City Council resumed a multi‑year review of the draft 2025–2029 strategic plan and gave staff direction to clarify sequencing, raise the profile of the Climate Action and Resilience Plan and begin a focused update on wildfire preparedness.
City Manager Heather Geyer walked council through sections of the draft plan and invited corrections and prioritization guidance. Council reached several clarifying decisions during the session:
- Climate action prioritized: Council members asked that the Climate Action and Resilience Plan be elevated in the environmental-stewardship section so the high-level plan appears before discrete implementation items. Staff agreed to reorder the plan so the climate plan is presented first, followed by supporting programs. The council signaled it expects adoption of the climate plan to be scheduled in the coming weeks.
- Wildfire preparedness study follow-up: Council member Nowicki requested a study session to evaluate wildfire risks and mitigation. Staff recalled that North Metro Fire and prior council discussions had addressed mitigation in the past years and recommended starting with an email update summarizing prior direction and recent activity. Council agreed an email update would be a good first step; members seeking deeper review can ask to schedule a study session after receiving the update.
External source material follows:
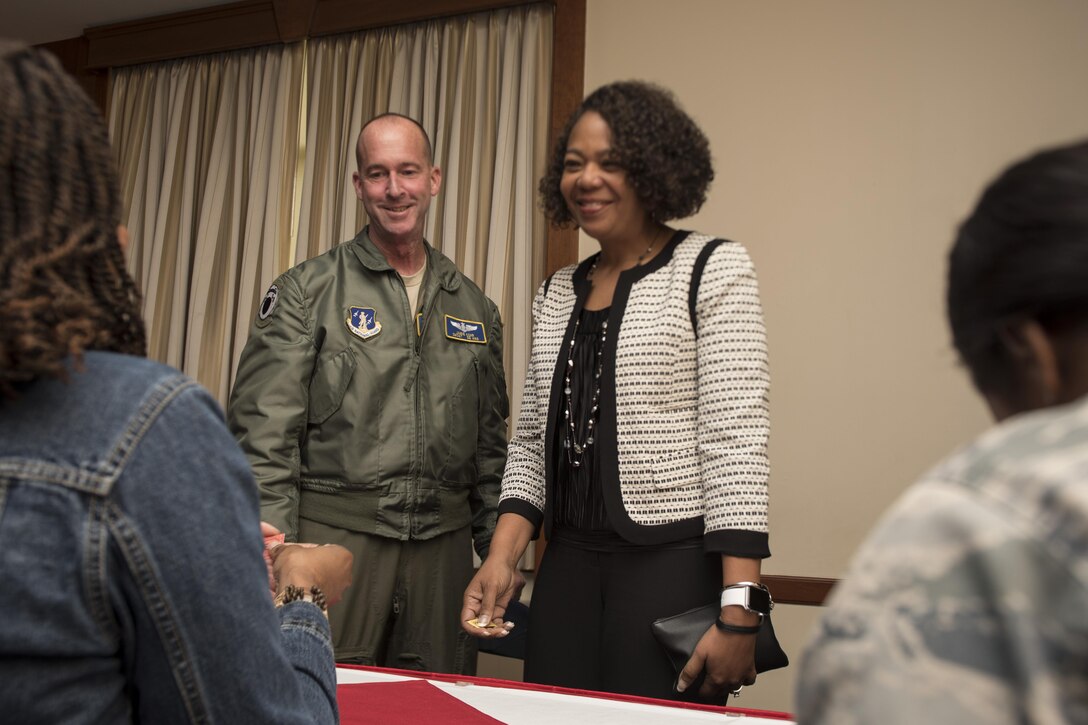 Senior Master Sgt. Jamie Kohr, Air National Guard flight engineer and special missions aviator functional manager, and Vanessa Kohr, his spouse, receive raffle tickets at the beginning of the Military Spouse Appreciation Luncheon inside The Club at Joint Base Andrews, Md., May 12, 2017. This marks the 33rd year of the Military Spouse Appreciation Day as it honors the contributions and sacrifices made by military spouses. (U.S. Air Force photo by Senior Airman Philip Bryant)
- Special events: Council asked staff to rename and reframe the “special events addition” line so it reads as an evaluation of events rather than an instruction to add named events. Staff will add a short timeline (a simple Gantt-style visual) showing when events are phased out or phased in so residents can see multi-year sequencing.
- Assistance for residents with code issues: Council asked staff to begin planning for a program to assist residents with code-related needs (for example, income-qualified minor home repairs or volunteer-driven community cleanup). Staff noted existing avenues — partnership with CREW and county programs — and council directed staff to schedule a study-session discussion in 2025 to refine options and identify funding paths.
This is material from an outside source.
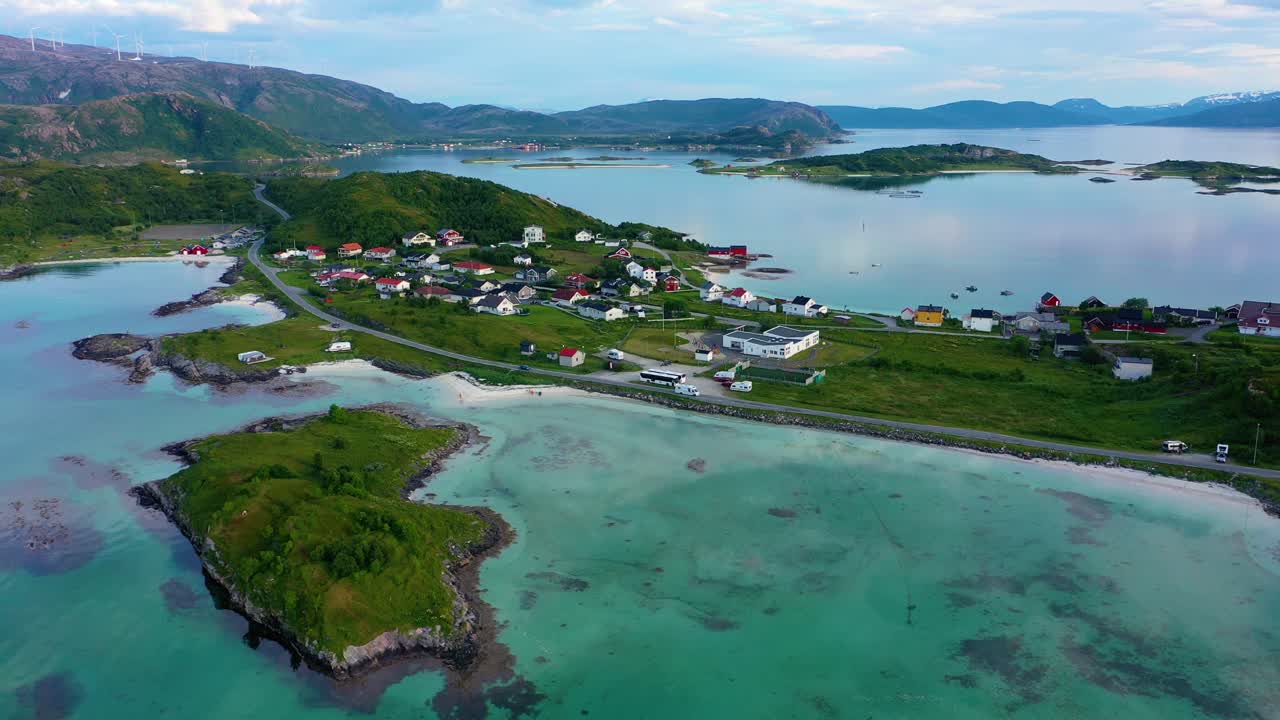 Drone shot following a RV driving at turquoise sea, on the coast of the Barents sea, in the village of Sommaroy islands, summer evening, in Troms, Norway - tracking, aerial view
- Diversity, engagement and community outreach: Council requested a deeper study-session conversation about the broader “Diverse and Engaged Community” goal to align internal workforce optimization (training and inclusion efforts) with outward-facing outreach and engagement programs. Staff and the DICE board will prepare a proposed approach and communications plan for council review.
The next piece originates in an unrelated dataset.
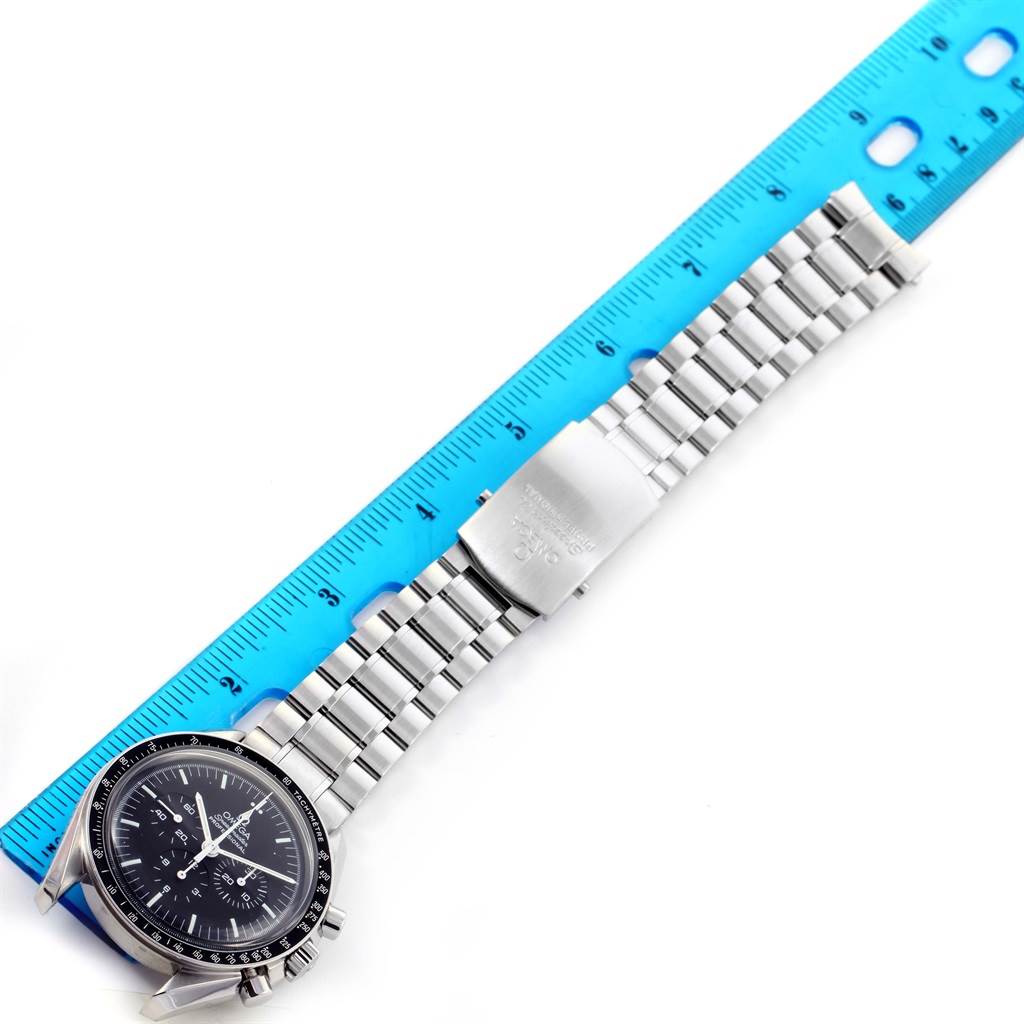 The Omega Speedmaster 3570.50.00 Men
s Stainless Steel Black Dial 3570.50.00 Men
s Stainless Steel Black Dial watch is shown laid flat next to a ruler, displaying its face and metal bracelet.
Many other items were discussed across sections (business retention, sustainability grants, civic campus work and wastewater/agrivoltaics planning). Staff indicated some items are already funded (for example, grant-supported glass recycling and a community garden capital project) and others will require additional budget or grant support in later years. Geyer said staff will incorporate the council’s reordering and return a revised draft for adoption once the edits and a short timeline visual are added.
Ending — next steps
Staff will: (1) reorder the environmental section to place the Climate Action and Resilience Plan first; (2) send an email update on wildfire-preparedness work and schedule a study session as requested if council desires deeper review; (3) retitle and add a timeline visual for special-events planning; and (4) prepare a draft plan that reflects the council’s prioritization for review and formal adoption on a future agenda.